(WORK TASK):
Using the records below, quote only the span that opens with the line containing "Dark Cream Silk" and closes with the line containing "Aeroweave Jiu Jitsu", exactly and inclusively.

(DATA EXCERPTS):
──────

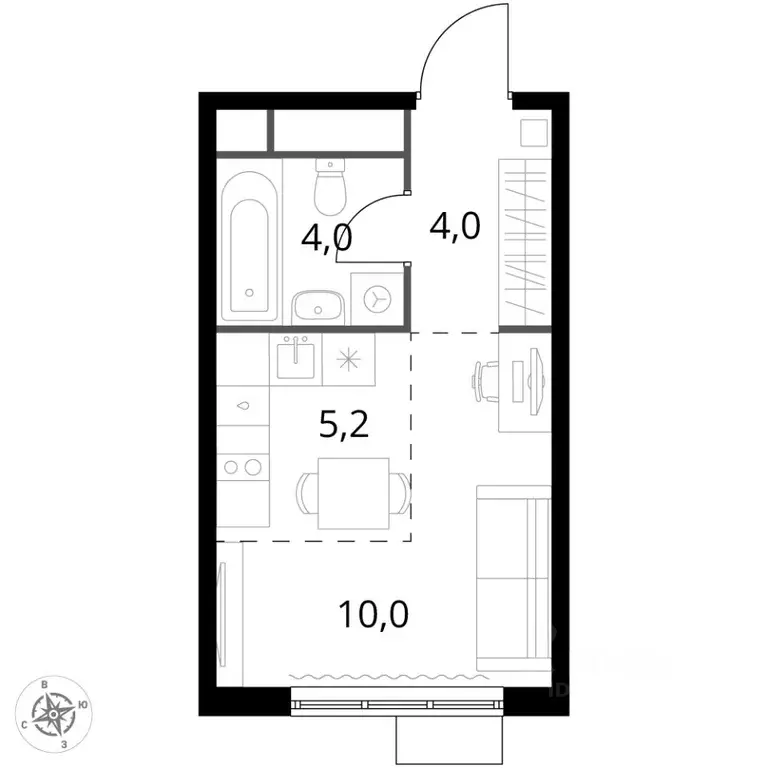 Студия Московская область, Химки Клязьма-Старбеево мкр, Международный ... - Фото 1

──────

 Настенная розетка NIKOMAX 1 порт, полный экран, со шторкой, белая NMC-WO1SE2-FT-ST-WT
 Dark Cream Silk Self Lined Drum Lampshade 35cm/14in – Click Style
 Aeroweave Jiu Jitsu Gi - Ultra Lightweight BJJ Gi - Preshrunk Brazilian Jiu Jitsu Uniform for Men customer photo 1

──────

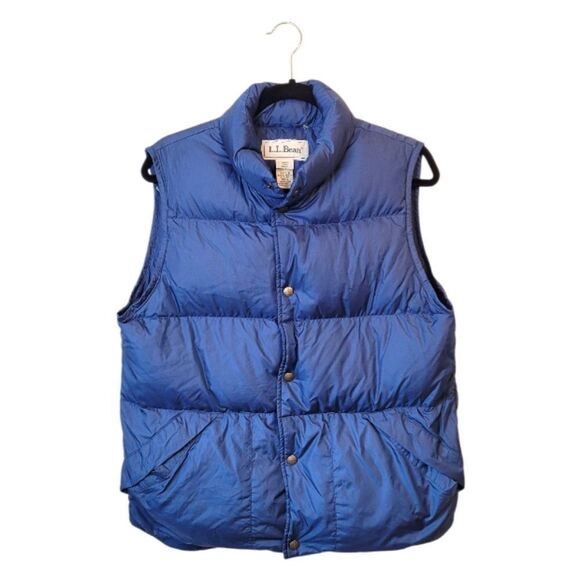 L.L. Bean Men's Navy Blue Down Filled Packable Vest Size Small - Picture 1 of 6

──────

(RESPONSE):
 Dark Cream Silk Self Lined Drum Lampshade 35cm/14in – Click Style
 Aeroweave Jiu Jitsu Gi - Ultra Lightweight BJJ Gi - Preshrunk Brazilian Jiu Jitsu Uniform for Men customer photo 1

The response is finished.